Kiedy padło hasło: stwórzmy
KOD, minął niespełna miesiąc od wyborów parlamentarnych. Z ust dziennikarzy
mainstreamu nie padło jednak tak popularne przez ostatnich 26 lat hasło o „100
dniach spokoju”, o wsparciu i czekaniu na efekty działań nowej władzy. To novum.
Wiele wskazuje na to, że podwaliny pod KOD były przygotowywane na długo
wcześniej, niż padło oficjalne hasło. Jeszcze w trakcie trwania kampanii wybiorczej
jako alternatywę dla przegranych w wyborach. Wydaje mi się, że starannie też szukano
postaci mającej odgrywać rolę Trybuna Obywatelskiego, oddalającego (mamionemu
chwytliwymi hasłami społeczeństwu) podejrzenia o politycznych konotacjach ze
środowiskiem ludzi władzy, odsuniętych od koryta. Skąd takie przemyślenia?
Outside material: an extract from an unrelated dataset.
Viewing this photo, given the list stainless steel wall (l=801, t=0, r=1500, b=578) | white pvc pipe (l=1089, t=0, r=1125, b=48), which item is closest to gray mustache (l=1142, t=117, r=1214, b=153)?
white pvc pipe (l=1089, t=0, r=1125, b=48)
Hasło o konieczności powołaniu KODU
rzucił w necie w listopadzie Krzysztof Łoziński. Jednak hasło realizował w praktyce pan Mateusz
Kijowski. Bloger i przedsiębiorca (tak
opisywany przez media), z wykształcenia informatyk. A sam przyznający się do
bycia bezrobotnym. W przeszłości za kadencji SLD był członkiem rady nadzorczej
w PZU. Potem krótko prezesem zarządu szkoły podstawowej. We wrześniu 2015 roku
zarejestrował Stowarzyszenie przeciwko gwałtom, a 2 grudnia został liderem
Stowarzyszenia KOD.
Środowisko publicystów z
dwóch portali: Tomasza Lisa (Na temat) oraz Krzysztofa Łozińskiego (Biuro opinii)
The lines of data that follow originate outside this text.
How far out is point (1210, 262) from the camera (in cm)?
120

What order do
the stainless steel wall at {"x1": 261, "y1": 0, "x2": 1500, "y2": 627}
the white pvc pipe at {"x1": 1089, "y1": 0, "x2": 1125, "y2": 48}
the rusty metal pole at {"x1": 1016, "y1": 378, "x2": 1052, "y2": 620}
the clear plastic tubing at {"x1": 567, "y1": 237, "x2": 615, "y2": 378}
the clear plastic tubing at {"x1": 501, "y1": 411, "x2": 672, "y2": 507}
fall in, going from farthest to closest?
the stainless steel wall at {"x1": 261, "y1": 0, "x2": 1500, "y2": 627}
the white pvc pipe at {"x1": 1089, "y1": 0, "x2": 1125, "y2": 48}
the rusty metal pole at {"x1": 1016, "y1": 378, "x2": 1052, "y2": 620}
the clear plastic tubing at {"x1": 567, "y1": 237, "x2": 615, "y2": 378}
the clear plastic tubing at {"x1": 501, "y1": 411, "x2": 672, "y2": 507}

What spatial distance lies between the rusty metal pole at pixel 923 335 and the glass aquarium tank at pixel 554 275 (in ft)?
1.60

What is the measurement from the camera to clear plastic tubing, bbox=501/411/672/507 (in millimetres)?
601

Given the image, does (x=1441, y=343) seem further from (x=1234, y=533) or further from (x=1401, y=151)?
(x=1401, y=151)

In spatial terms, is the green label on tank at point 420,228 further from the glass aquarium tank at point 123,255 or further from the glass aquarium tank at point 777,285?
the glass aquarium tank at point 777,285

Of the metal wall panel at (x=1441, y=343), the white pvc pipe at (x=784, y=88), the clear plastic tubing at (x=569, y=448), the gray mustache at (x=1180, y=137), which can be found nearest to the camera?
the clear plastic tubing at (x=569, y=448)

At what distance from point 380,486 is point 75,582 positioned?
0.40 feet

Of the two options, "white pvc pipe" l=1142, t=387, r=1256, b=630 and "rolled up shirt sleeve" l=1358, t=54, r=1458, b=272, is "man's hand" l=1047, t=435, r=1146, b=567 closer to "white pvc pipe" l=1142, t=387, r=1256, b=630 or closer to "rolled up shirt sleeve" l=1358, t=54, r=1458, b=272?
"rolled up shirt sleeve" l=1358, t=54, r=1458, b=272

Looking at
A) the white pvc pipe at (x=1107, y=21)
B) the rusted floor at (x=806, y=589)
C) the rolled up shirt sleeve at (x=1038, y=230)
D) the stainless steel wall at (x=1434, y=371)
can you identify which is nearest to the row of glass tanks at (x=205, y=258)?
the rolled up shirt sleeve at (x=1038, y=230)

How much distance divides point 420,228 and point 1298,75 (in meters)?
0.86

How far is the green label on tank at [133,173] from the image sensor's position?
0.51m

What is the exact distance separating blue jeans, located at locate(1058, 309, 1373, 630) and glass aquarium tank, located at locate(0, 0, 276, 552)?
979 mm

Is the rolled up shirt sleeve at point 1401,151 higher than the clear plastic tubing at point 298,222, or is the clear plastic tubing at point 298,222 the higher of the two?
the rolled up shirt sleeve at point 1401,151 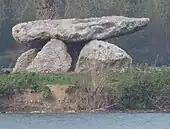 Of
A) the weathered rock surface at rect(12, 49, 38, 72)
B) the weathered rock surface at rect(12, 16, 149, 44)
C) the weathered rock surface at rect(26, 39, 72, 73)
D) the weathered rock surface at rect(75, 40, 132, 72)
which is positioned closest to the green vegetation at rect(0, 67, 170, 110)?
the weathered rock surface at rect(75, 40, 132, 72)

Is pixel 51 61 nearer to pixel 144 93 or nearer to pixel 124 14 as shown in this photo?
pixel 144 93

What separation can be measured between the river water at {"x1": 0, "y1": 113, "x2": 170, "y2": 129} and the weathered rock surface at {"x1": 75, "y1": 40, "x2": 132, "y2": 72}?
600 cm

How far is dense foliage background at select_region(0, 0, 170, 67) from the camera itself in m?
57.4

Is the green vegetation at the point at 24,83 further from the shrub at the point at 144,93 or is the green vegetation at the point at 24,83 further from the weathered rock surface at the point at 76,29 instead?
the weathered rock surface at the point at 76,29

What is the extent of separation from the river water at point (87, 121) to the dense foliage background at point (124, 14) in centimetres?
2312

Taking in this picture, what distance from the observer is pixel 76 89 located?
31688mm

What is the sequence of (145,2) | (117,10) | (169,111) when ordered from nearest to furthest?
1. (169,111)
2. (117,10)
3. (145,2)

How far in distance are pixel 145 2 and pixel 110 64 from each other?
99.8 feet

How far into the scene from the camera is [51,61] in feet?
121

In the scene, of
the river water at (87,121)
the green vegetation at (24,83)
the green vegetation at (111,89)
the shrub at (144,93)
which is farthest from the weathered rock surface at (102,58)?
the river water at (87,121)

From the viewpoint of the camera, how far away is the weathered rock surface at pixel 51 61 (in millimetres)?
36781

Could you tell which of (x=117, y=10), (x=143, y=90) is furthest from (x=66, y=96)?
(x=117, y=10)

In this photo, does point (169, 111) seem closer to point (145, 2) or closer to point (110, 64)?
point (110, 64)

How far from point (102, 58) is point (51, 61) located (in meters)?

powoływało się na dwie analizy zdolności przywódczych pana Kijowskiego. Przytoczę
jedną z nich „Dr Maria Ochwat, specjalista w dziedzinie wizerunku
politycznego z Wyższej Szkoły Bankowej w Chorzowie uzupełnia sylwetkę
Kijowskiego. Jej zdaniem to typ aktywisty, który wydaje się jej wiarygodny –
konsekwentnie od dawna działa w sektorze pozarządowym (biografia dorobiona?–przyp.
mój). Dość mocno zaznacza się indywidualizm lidera KOD – ma oryginalne hobby, robi na
drutach, do tego długie włosy, ubiór czasem budzący skojarzenia z hippisem.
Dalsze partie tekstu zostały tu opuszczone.